== Segment start ==

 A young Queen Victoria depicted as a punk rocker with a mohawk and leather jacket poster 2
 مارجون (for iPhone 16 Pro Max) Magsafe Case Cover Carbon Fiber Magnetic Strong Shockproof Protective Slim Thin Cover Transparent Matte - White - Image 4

== Segment end ==
== Segment start ==

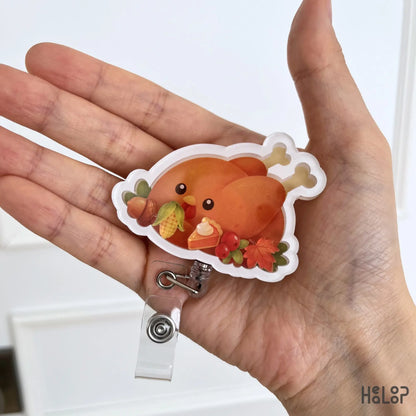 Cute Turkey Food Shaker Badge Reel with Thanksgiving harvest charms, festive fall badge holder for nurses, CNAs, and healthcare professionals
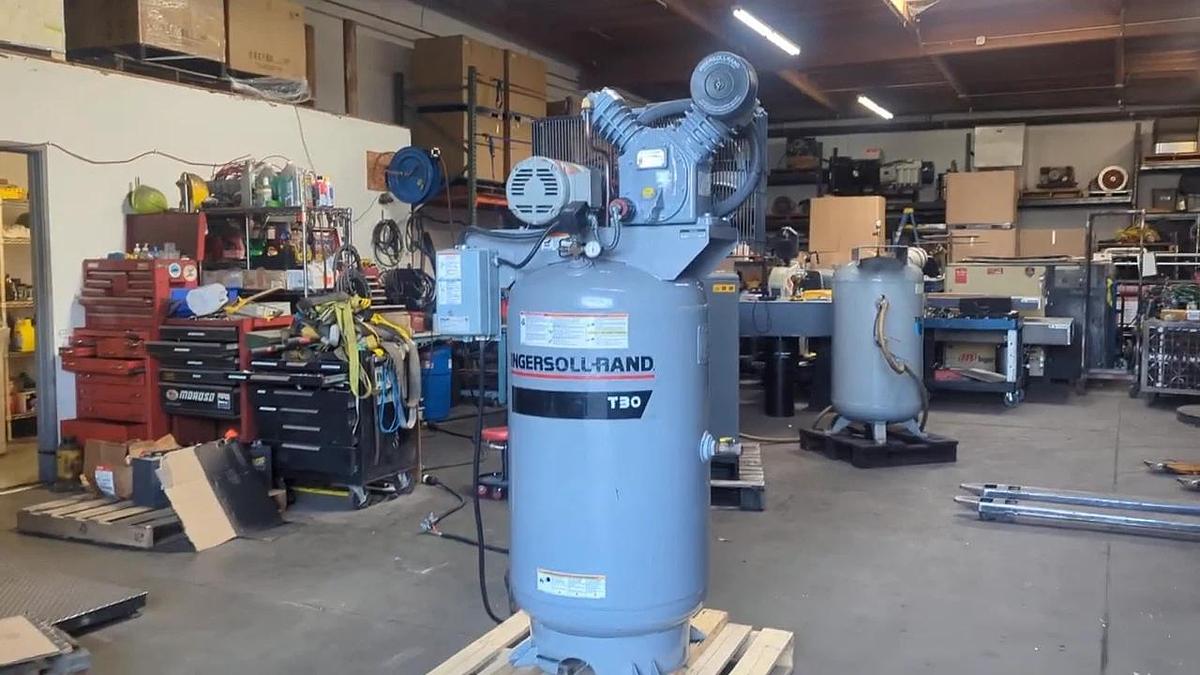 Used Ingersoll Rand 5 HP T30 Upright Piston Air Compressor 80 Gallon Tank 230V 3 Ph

== Segment end ==

* [Your objective]: The line above containing "A young Queen", the line containing "مارجون (for iPhone", and every line between them are to be transcribed exactly; no other line is wanted.

* [Finished task]:
 A young Queen Victoria depicted as a punk rocker with a mohawk and leather jacket poster 2
 مارجون (for iPhone 16 Pro Max) Magsafe Case Cover Carbon Fiber Magnetic Strong Shockproof Protective Slim Thin Cover Transparent Matte - White - Image 4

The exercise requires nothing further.